On Thursday, the 2012 Ig Nobel prizes were awarded to their recipients at a ceremony at Harvard University. The prizes are a parody of the Nobel prizes, and are given for unusual or trivial achievements in scientific research. The awards are sometimes a thinly veiled criticism of frivolous experiments or dubious accomplishments. The prizes are awarded by the magazine Annals of Improbable Research, and there are ten winners every year.

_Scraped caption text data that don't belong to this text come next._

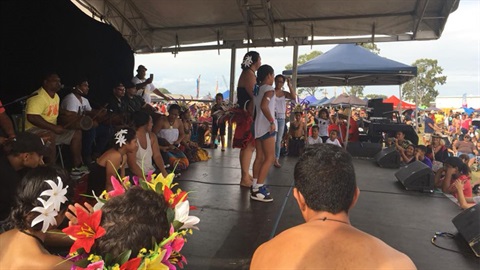 Performers on stage at the Pasifika Vibes Festival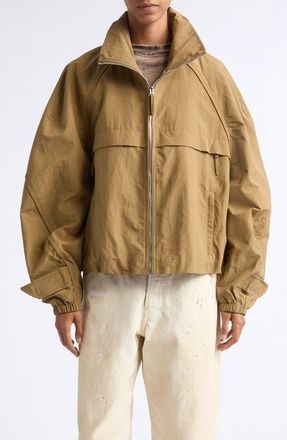 Acne Studios Odill Water Repellent Peached Nylon Jacket in Dark Khaki at Nordstrom, Size 36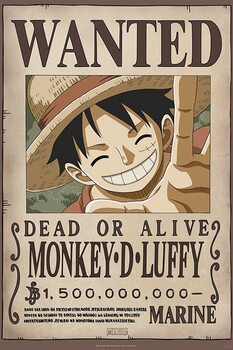 Plagát One Piece - Wanted Luffy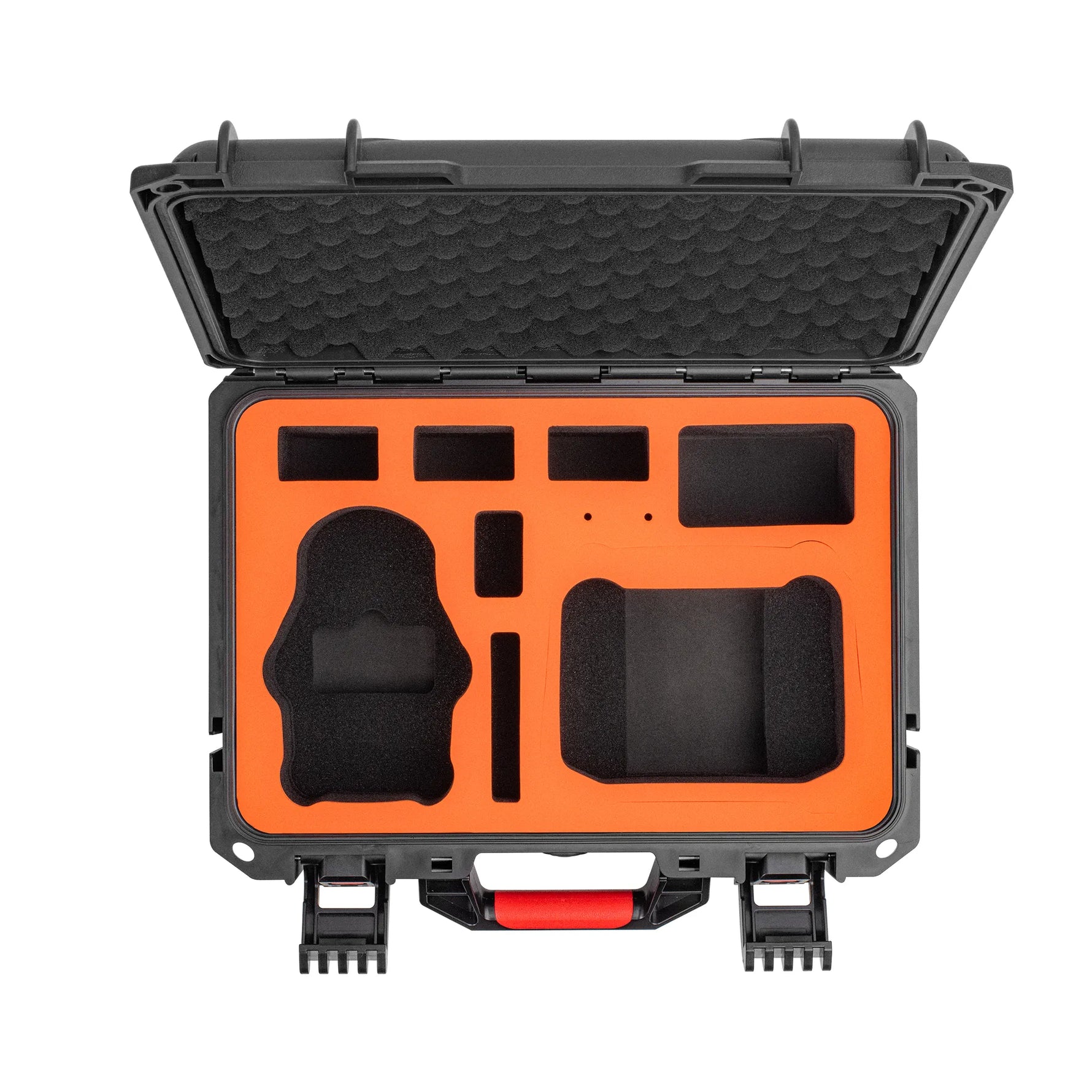 Empty drone carrying case revealing the custom-molded orange EVA foam, tailored exclusively to hold the DJI Mini 4 Pro, Mini 3, and controllers.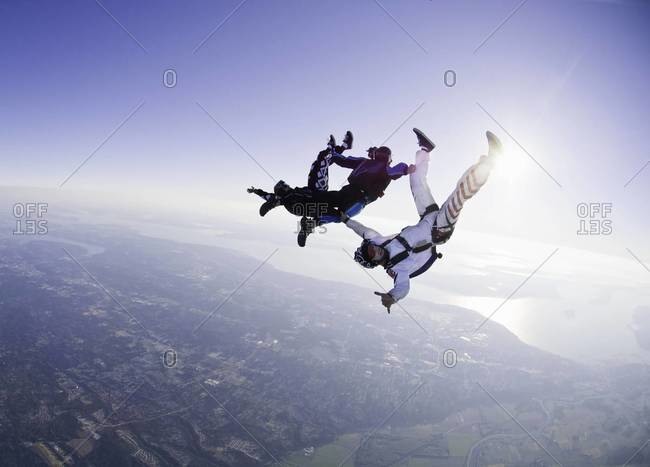 Skydivers in freefell - from the Offset Collection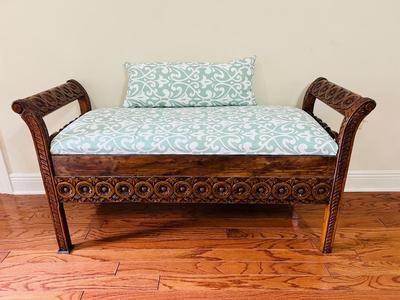 Hand Carved Wooden Window Seat Bench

This year’s winners are:
Acoustics: Kazutaka Kurihara [Japan] and Koji Tsukada [Japan], for creating the SpeechJammer, a machine that disrupts a person’s speech, by making them hear their own spoken words at a very slight delay.
Anatomy: Frans de Waal [Netherlands/USA] and Jennifer Pokorny [USA], for discovering that chimpanzees can identify other chimpanzees individually from seeing photographs of their rear ends.
Chemistry: Johan Pettersson [Sweden/Rwanda], for solving the puzzle of why, in certain houses in the town of Anderslöv, Sweden, people’s hair turned green.
Fluid Dynamics: Rouslan Krechetnikov [USA/Russia/Canada] and Hans Mayer [USA], for studying the dynamics of liquid-sloshing, to learn what happens when a person walks while carrying a cup of coffee.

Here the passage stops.